Rumours fly, don’t they? How many times have you heard someone say that half the people who ‘sleep’ in Barrie drive to Toronto to work? Thousands and thousands and thousands of Barrie residents have to leave Barrie for decent jobs.
You know… rumours.
Well, thanks to an initiative of both the federal and provincial governments (with a little help from the City of Barrie) we now have a definitive study on who’s doing what, where, and why. It was released this week by the Simcoe County Training Board whose dynamo leader, Judy Noel, coordinated the study as a special project. Christine Pacini and The Starr Group were hired to complete the study.
I found the results surprising, and exhilarating, and here’s why.
Of the population in the City of Barrie legally of working age, two thirds of us have full time jobs; 11% have part time jobs, 8% work on contract, 6% have some kind of permanent part time employment. And 4% are self employed, and employing others.
And where are we working? Wholesale/retail trade, 16% with 12% of us working in manufacturing. But, here’s the real surprise… 10% of Barrieites work in the education field, 9% in the health sector (Royal Victoria Hospital is Barrie’s biggest employer), and 6% work in construction.
The study, entitled Simcoe County Labour Market Inventory, also focussed on people’s satisfaction, and Barrie residents as a whole are one happy group of people. Only 20% of us feel like we could do better with our employment. And a whopping 85% of us report total occupational satisfaction… we’re very happy with our work.
While the study didn’t delve into ‘why’ we’re so happy, it did report that Barrie is the happiest of the five regions in Simcoe County that were part of the study.
The other thing I found interesting was that with a population bulge at ages 30-49 (according to David Foote of Boom Bust & Echo), Barrie’s a community with a stable experience level. 10% of us have worked in our field less than 6 years; 15% of us have 11-15 years experience; 30% of us have between 16-25 years under our belts and 22% of us have more than 25 years experience (that would be the ‘grey haired’ crowd of which I am one!)
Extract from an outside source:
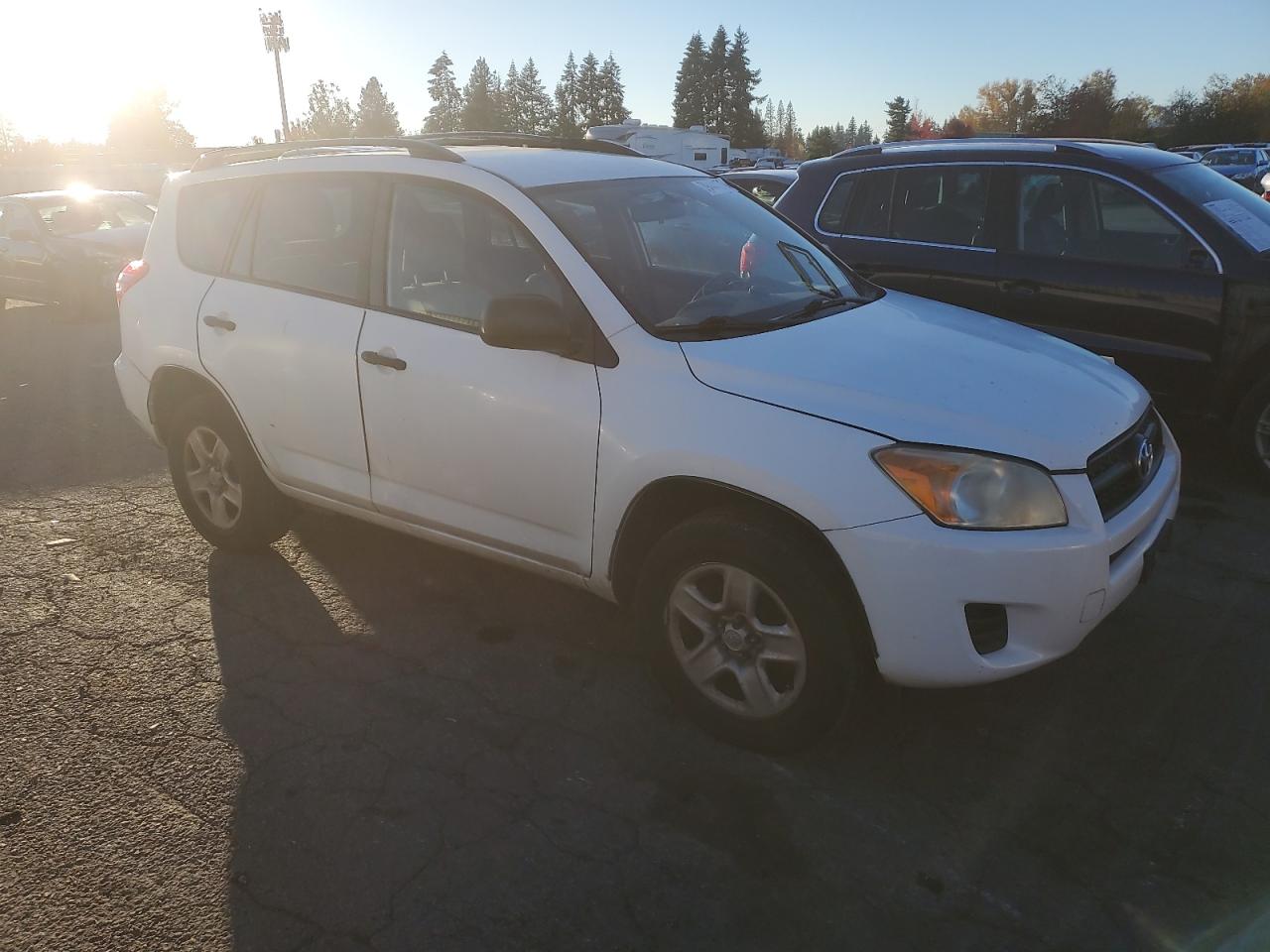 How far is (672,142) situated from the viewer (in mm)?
54062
And what’s it like to find a job in Barrie? Well, those who are unemployed often comment on the incredible quality of help available in our community. And they give the following reasons for having difficulty finding work: 6% say they don’t have enough education; 5% say there isn’t a demand for what they do; 3% cite changing technology as the reason they’re having trouble. It is difficult to keep up with the changes in technology. Do you know that 95% of the products in our computer stores didn’t exist 24 months ago? What’s that tell you about our learning curves?
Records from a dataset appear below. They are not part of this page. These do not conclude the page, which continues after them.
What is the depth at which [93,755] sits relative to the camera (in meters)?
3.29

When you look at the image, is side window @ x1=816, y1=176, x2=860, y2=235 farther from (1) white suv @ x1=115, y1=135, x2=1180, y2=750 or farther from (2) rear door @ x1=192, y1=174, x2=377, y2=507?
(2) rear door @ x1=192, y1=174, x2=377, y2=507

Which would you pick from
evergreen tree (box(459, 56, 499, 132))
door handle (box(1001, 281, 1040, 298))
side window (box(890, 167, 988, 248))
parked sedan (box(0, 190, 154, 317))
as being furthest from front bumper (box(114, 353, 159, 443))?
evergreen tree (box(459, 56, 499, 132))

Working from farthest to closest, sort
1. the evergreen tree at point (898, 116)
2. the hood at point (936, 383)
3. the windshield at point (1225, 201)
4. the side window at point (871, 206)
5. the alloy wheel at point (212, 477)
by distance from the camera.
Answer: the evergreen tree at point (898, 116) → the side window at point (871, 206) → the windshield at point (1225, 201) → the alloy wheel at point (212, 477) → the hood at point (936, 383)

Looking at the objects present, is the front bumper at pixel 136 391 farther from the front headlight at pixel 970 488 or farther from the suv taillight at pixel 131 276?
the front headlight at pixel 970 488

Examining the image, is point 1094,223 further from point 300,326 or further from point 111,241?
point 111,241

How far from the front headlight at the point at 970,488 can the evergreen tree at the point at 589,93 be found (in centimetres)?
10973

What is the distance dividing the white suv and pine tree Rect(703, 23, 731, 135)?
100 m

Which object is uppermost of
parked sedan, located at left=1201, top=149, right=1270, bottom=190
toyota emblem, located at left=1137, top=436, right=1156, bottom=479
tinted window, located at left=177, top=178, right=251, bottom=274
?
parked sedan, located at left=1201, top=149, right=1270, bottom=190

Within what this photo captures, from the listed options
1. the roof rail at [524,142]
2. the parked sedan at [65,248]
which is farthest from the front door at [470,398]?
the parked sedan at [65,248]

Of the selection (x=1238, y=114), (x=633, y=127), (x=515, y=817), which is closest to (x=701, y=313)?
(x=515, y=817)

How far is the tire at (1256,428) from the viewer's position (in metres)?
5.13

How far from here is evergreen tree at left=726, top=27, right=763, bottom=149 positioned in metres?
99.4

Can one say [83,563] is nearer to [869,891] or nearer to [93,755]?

What are people’s paycheques looking like these days in Barrie? Well, 30% of us earn between $40-$60,000 a year. And 35% earn between $20-$40,000 annually. 17% earn between $40-$50,000 and 21% over $60,000. Sadly, there are no statistics on those who’ve selected self employment, but perhaps that’s another study.
The report points out that a few employees, working digitally or on special projects for their companies earn over $100,000 annually.
By far, when you look at the whole county, Barrie residents enjoy the privilege of working and living in the same community. Some 70% of us do that, with a ‘commuting to work’ time of less than half an hour. And get this! Only 8% of us commute to the Greater Toronto Area. Nearly half those surveyed said they’d love to work at home, serving their companies electronically and that they’d trade off earnings to do it. And after a three-hour drive home in a snowstorm in February, it’s no wonder!
Let’s look at our education levels, too, because they tie in with the other figures…
We have an equally educated community here, with 17% having some high school, 17% having a high school diploma (that’s a third of our working population with high school or less). Then 20% report community college diplomas and 16% have university degrees while 4% have professional designations. There are a few percentages in between, with some college, some university etc. And people in Barrie continue to learn with 10% enrolled in some kind of training and 15% enrolled in job-related training.
And finally, why do people live in here? We know that with six families a day unpacking boxes and calling Barrie home, there’s got to be lots of appeal. “Family. Friends. Near to work. Great quality of life. Housing is affordable. Fabulous recreation. Great work.”
When it’s all said and done, it’s interesting to look at how this survey was completed… evenings and weekends the callers managed to get information from 4,325 individuals, with only 384 going the full distance in the series of questions in the complete survey. To assess the entire county, 24,025 calls were placed, with 1920 full responses.
The report offers much more information than I’ve shared here, and you can have a look at the Simcoe County Training Board’s website to access the whole report: www.sctb.on.ca or you can email email@example.com
Well done! And what a cooperative effort from the Economic Development offices across Simcoe County.